Assigned task | Give again, word for word, each line below starting at the one that contains "And the effect" and ending at the one that contains "Also on our".

Entries supplied |
:::

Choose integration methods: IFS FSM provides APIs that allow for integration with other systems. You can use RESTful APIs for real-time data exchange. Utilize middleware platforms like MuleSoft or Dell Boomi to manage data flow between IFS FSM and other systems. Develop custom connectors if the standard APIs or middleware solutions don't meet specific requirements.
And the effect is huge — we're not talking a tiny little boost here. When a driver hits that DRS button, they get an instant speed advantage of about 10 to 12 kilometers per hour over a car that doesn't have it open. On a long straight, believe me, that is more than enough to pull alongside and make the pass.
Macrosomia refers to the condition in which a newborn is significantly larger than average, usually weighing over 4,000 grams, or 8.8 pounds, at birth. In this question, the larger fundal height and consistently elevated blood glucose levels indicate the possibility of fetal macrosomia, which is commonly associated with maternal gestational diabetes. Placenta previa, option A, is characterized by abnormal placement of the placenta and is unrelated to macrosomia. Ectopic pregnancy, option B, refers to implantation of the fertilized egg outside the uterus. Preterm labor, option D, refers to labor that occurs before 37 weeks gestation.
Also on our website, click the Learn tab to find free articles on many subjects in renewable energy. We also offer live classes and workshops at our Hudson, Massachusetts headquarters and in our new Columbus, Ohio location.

:::

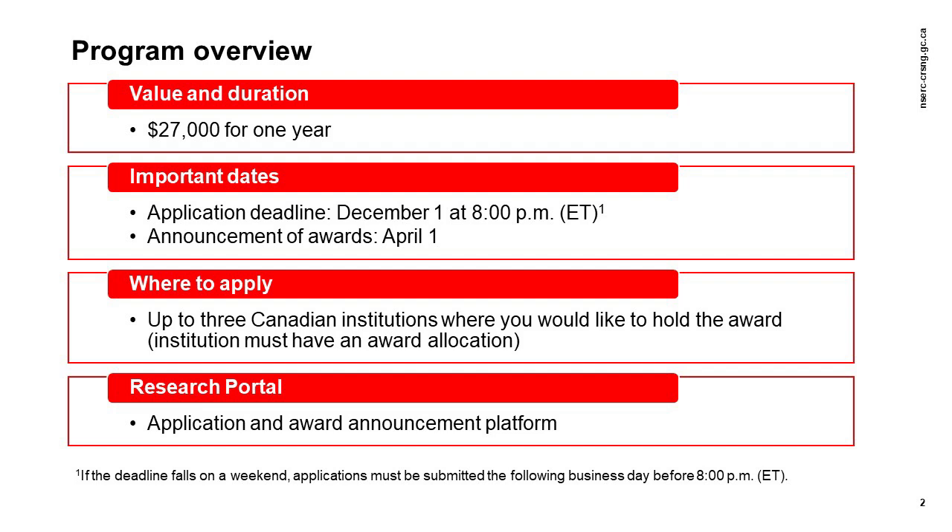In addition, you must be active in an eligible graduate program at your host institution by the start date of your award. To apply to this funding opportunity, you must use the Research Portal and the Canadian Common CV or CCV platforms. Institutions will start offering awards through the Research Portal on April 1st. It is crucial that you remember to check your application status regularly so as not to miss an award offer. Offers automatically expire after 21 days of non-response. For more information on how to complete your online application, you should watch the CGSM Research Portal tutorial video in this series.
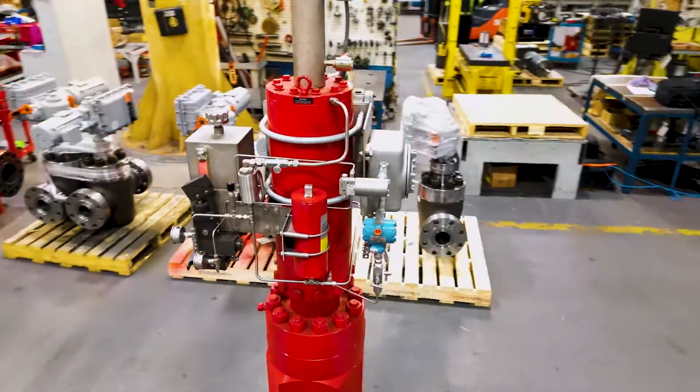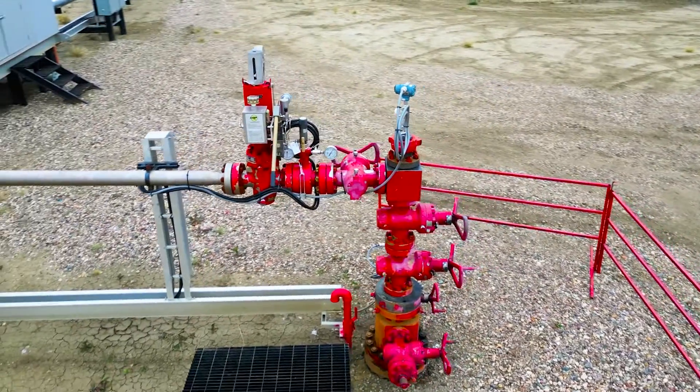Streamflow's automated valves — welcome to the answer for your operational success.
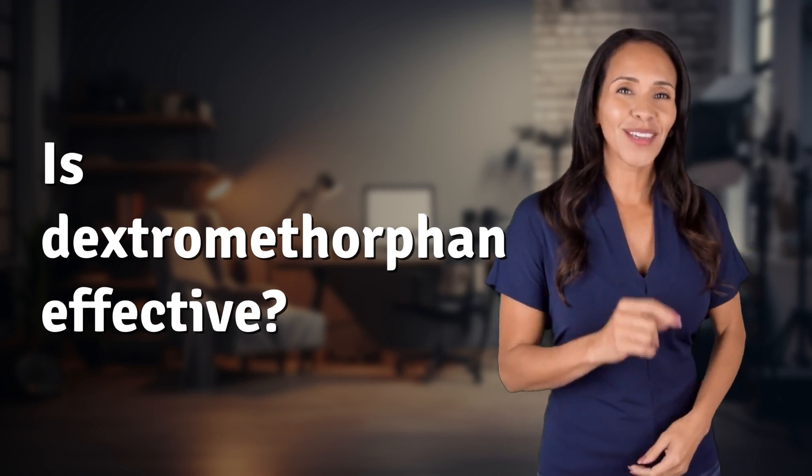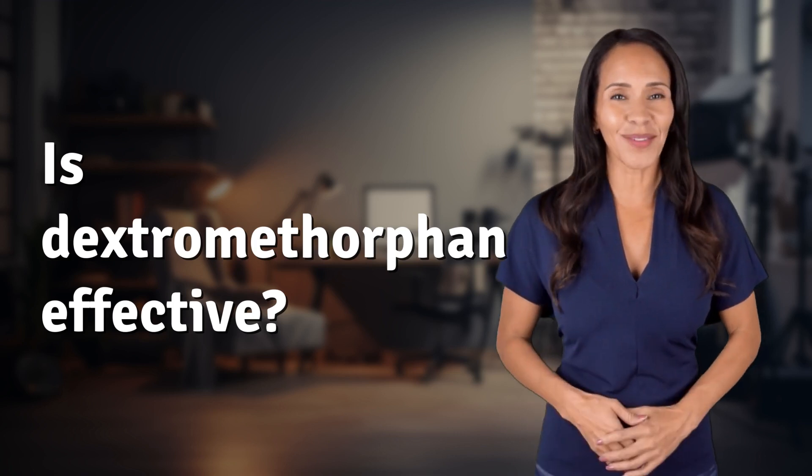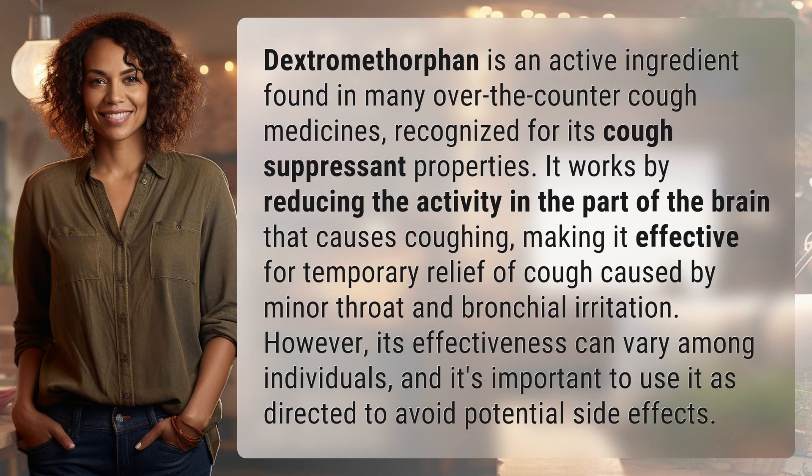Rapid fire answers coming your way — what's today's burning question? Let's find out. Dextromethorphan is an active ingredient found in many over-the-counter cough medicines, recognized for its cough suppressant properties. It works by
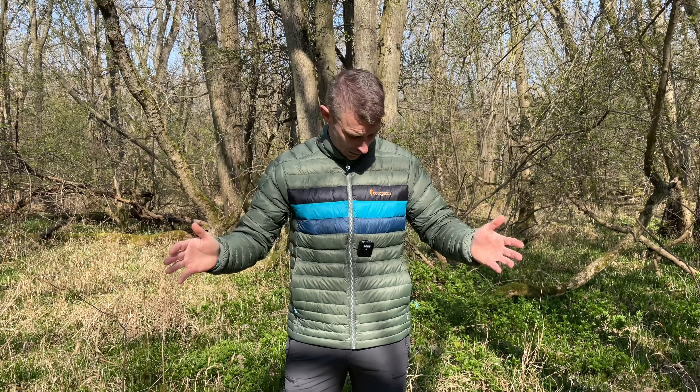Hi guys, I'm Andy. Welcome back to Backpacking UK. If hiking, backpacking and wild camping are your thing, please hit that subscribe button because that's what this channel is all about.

:::

Task solution |
And the effect is huge — we're not talking a tiny little boost here. When a driver hits that DRS button, they get an instant speed advantage of about 10 to 12 kilometers per hour over a car that doesn't have it open. On a long straight, believe me, that is more than enough to pull alongside and make the pass.
Macrosomia refers to the condition in which a newborn is significantly larger than average, usually weighing over 4,000 grams, or 8.8 pounds, at birth. In this question, the larger fundal height and consistently elevated blood glucose levels indicate the possibility of fetal macrosomia, which is commonly associated with maternal gestational diabetes. Placenta previa, option A, is characterized by abnormal placement of the placenta and is unrelated to macrosomia. Ectopic pregnancy, option B, refers to implantation of the fertilized egg outside the uterus. Preterm labor, option D, refers to labor that occurs before 37 weeks gestation.
Also on our website, click the Learn tab to find free articles on many subjects in renewable energy. We also offer live classes and workshops at our Hudson, Massachusetts headquarters and in our new Columbus, Ohio location.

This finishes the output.